Tv antenna on a definite frequency wave length. The receiving antenna must be of a definite size, shape and originate to best receive each individual frequency sent by each station. The more frequencies the antenna is designed to receive the larger the antenna must be. Each section of the antenna is designed to receive different definite frequencies. The Tv frequencies. Many antennas are too small to achieve well. In some cases execution is disregarded in favor of attractive to the consumer's desire for a small more attractive antenna. These tiny antennas may work in a petite areas for a petite number of habitancy but for the most part they will disappoint the user with unsatisfactory reception.


Tv Channel Frequencies - Bookshelf

Popular Science

Popular Science

Manufacturers of TV receivers will have to stop producing sets that receive only very-high-frequency (VHF) stations, and will make only all-channel sets— ...

Popular Science

Popular Science

Interfering harmonics that enter directly on channel frequencies, signals below the TV band (which starts at about 54 mHz) can also force themselves into a ...
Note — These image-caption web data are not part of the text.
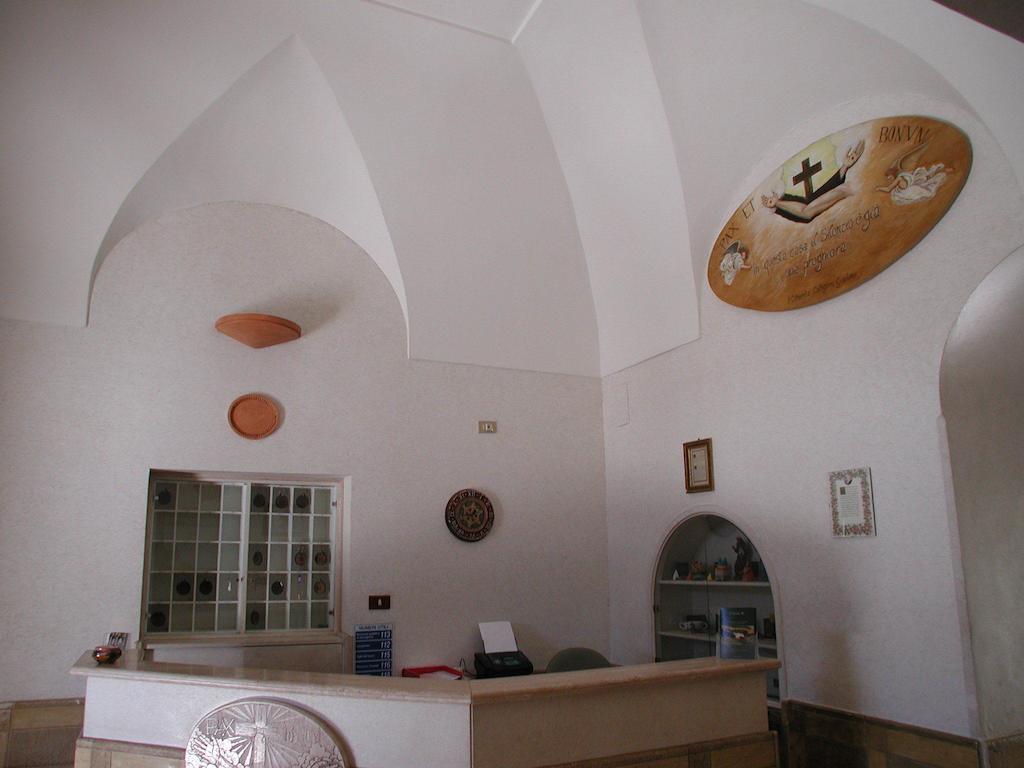 Eremo Hotel Casa Del Sorriso Erice Exterior photo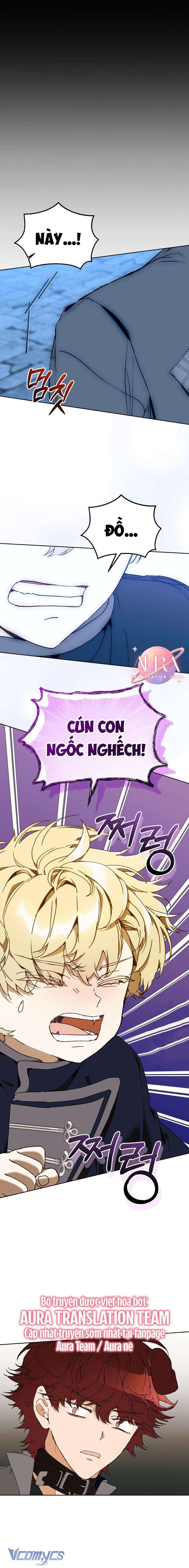 Bảo Mẫu Có Thời Hạn Của Nam Chính Hắc Ám Chap 71 - Trang 3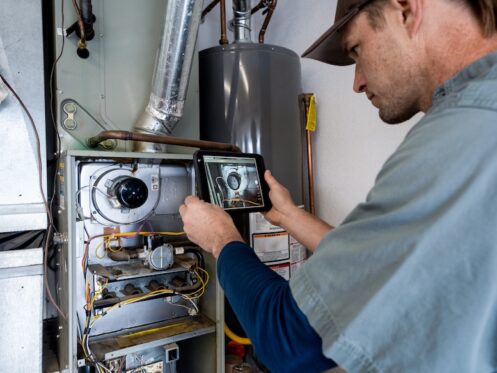 Furnace Maintenance in Pitt Meadows, BC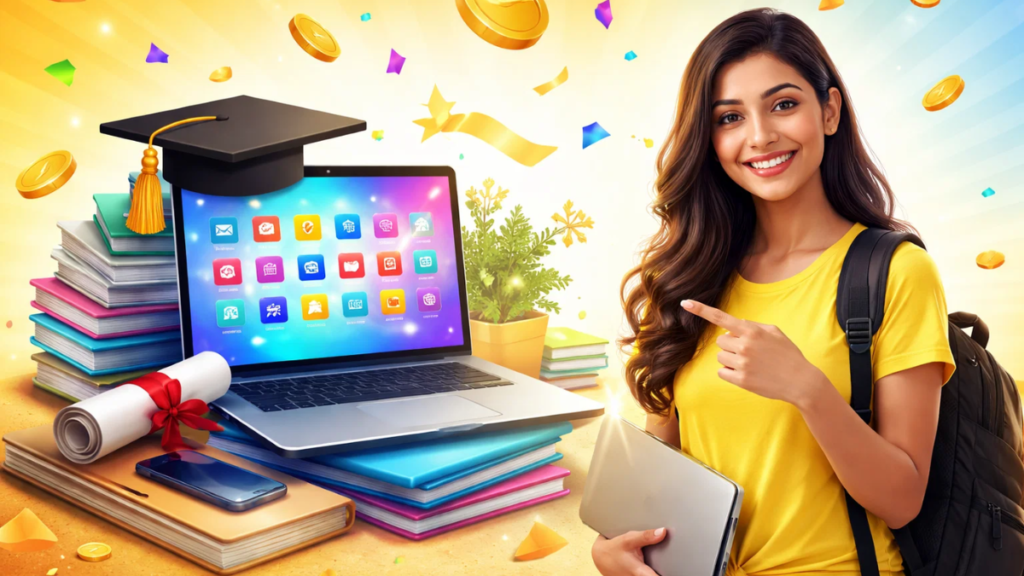 नई अपडेट 2026: 60% अंक वालों के लिए फ्री लैपटॉप योजना लॉन्च, अभी करें आवेदन free laptop yojana 2026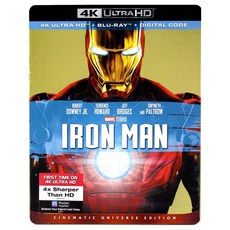 아이언맨 [4K UHD] Iron Man [4K UHD], 4K, 1개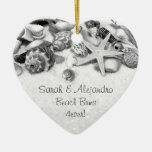 Seashells Ornament Pesonalized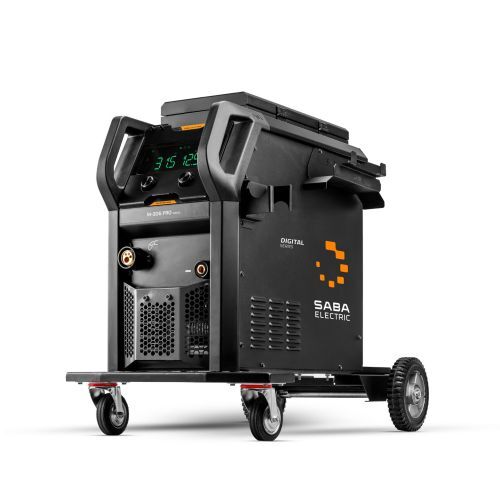 دستگاه جوش اینورتر Co2 سه فاز 300 آمپر صباالکتریک MASTER MIG M-306 DIGITAL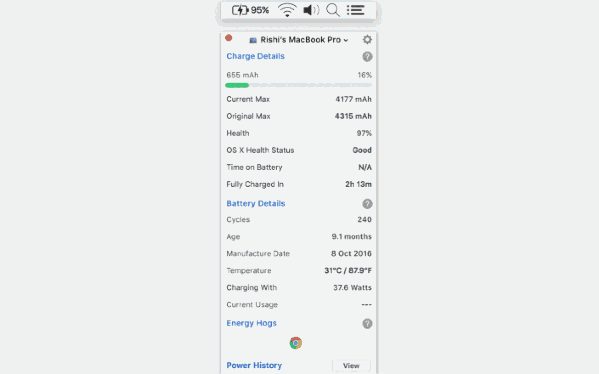 Battery Health 3 Mac版1.0.29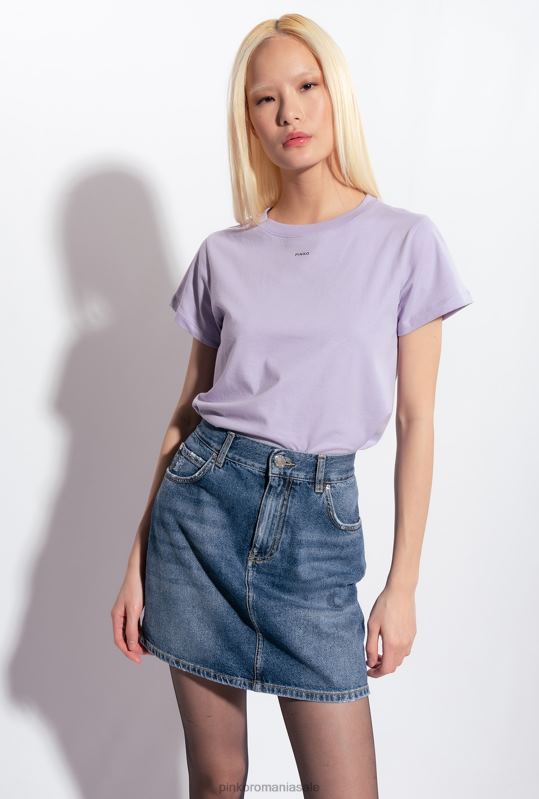 tricou | tricou cu micro Pinko liliac - sorbet ușor B0D08410
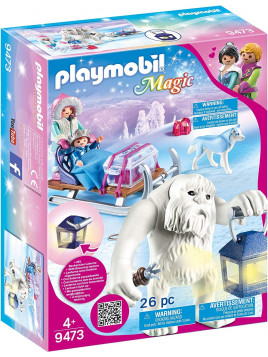 Playmobil Magic Yéti avec traineau  9473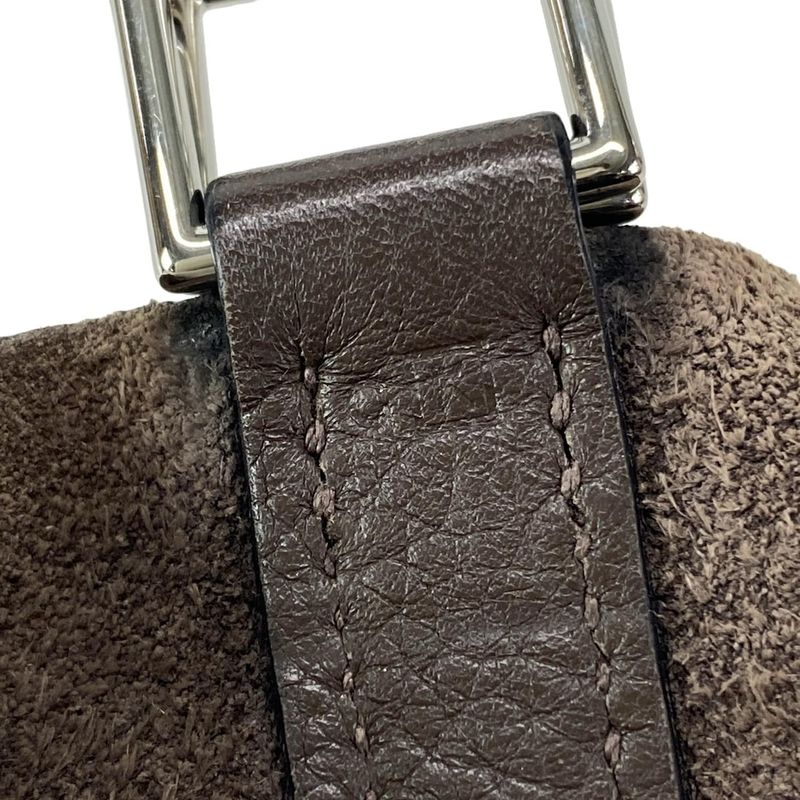 Hermes Handbag Picotin PM Dark Brown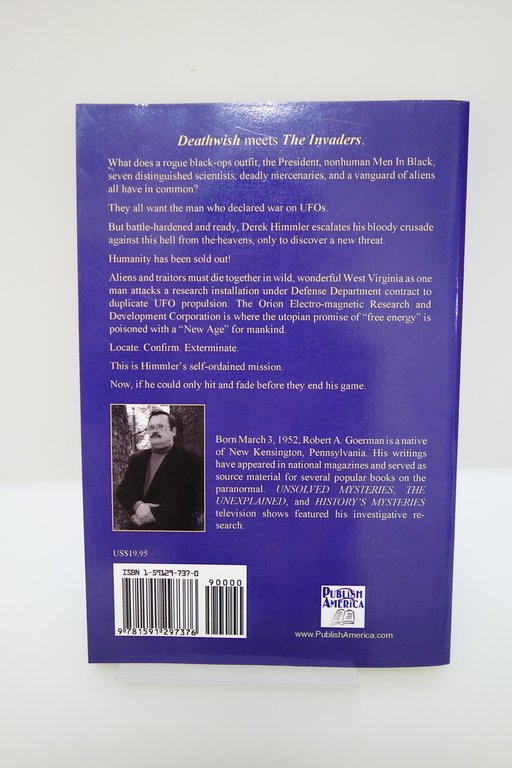 HIMMLER'S WAR GOERMAN PUBLISH AMERICA 2002 PRIMA EDIZIONE INGLESE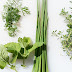 Making Bouquet Garni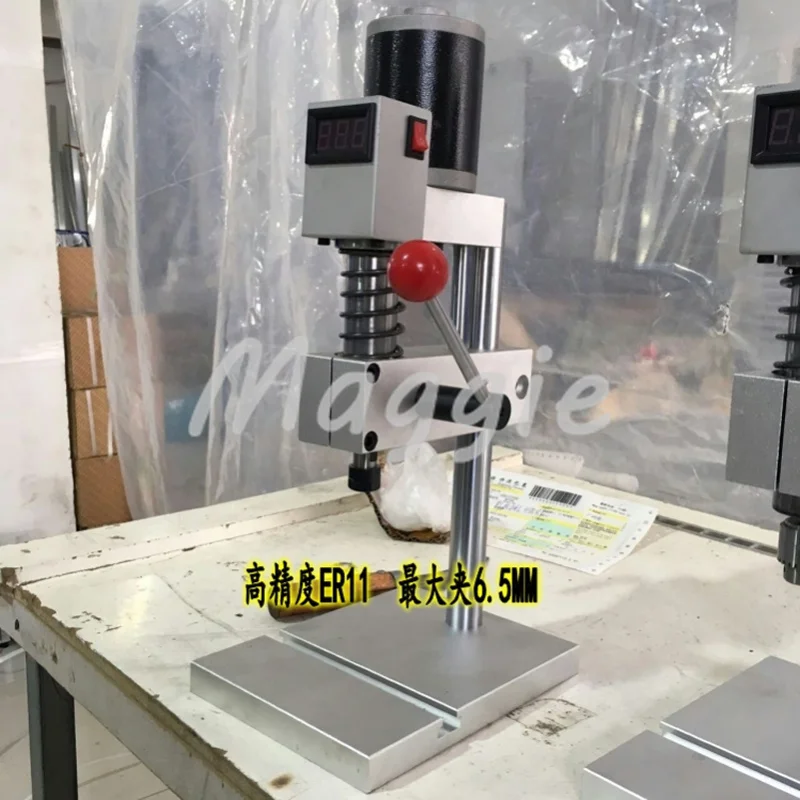 Микро сверлильный станок для нарезания зубцов фрезерный мини дрель Маленькая DIY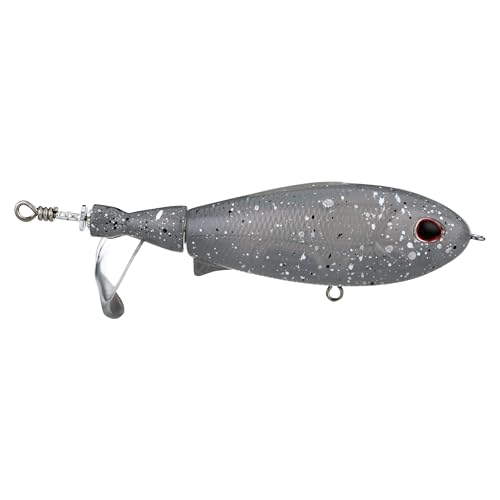 Berkley Screamin' Choppo - color: Peppered Smog, size: 3 3/4 in - 3/4 oz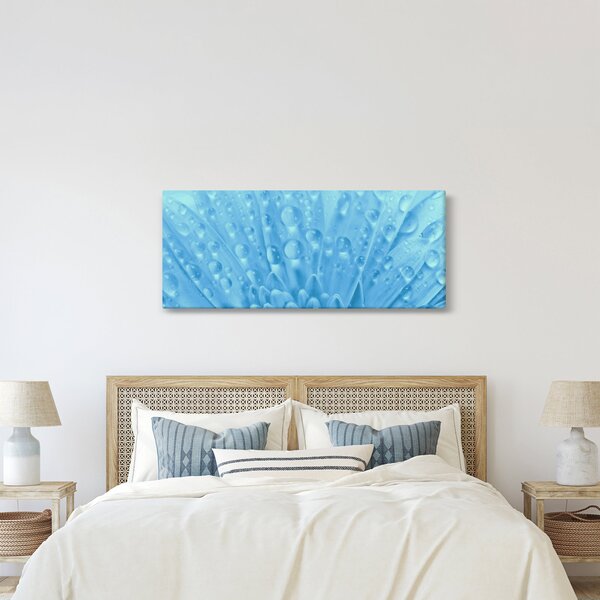 Kép - Makro felvétel egy virágról (120x50 cm)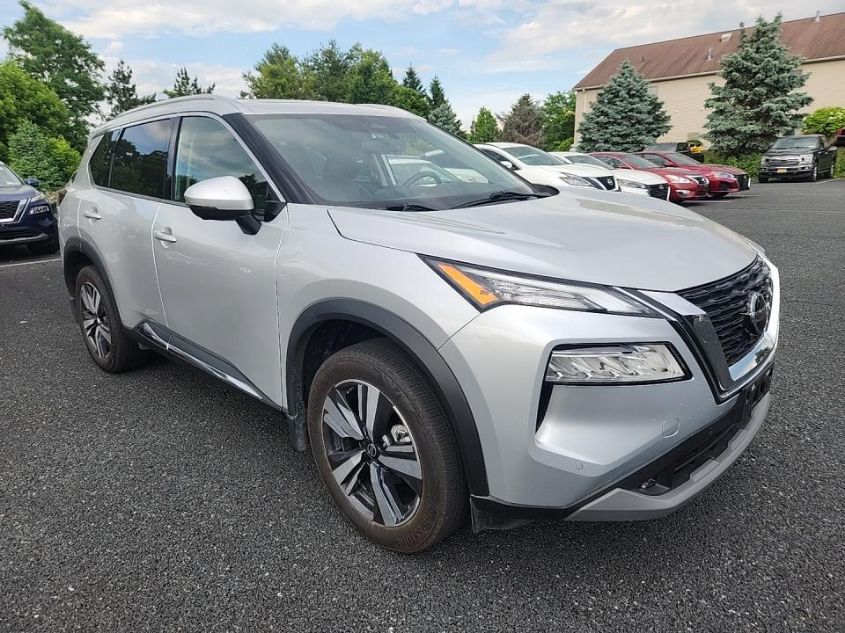 2021 NISSAN ROGUE SL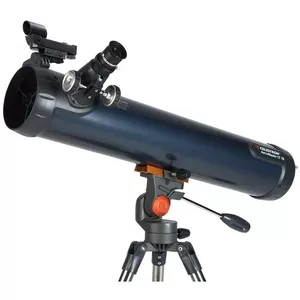 Celestron LT 76AZ Reflector 35x Black Blue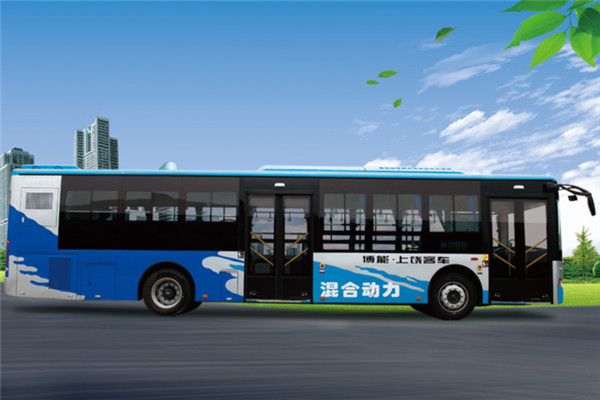 上饶SR6116PHEVG1插电式公交车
Television Channel Frequencies

Television Channel Frequencies


Popular Science

Popular Science

The problem began when TV standards were first developed for black-and-white sets. Each TV channel was assigned a fixed band of frequencies six megahertz ...

Electronics the Easy Way

Electronics the Easy Way

The TV channel and its information locations. filter network that is inserted in ... but there is a large break in the frequencies between channels 6 and 7. ...

Day-by-day News Directory


Television channel frequencies - Wikipedia, the free encyclopedia
The frequencies shown are for the video and audio carriers. The channel itself occupies ... Note: FM channel 200, 87.9 MHz, overlaps TV 6. This is used only by ...

TV channel frequencies
Frequency allocations for TV channels in the U.S.. VHF Low Band: | VHF High Band: Channel ... They are now cell phone frequencies. Channels 52-69 will be de ...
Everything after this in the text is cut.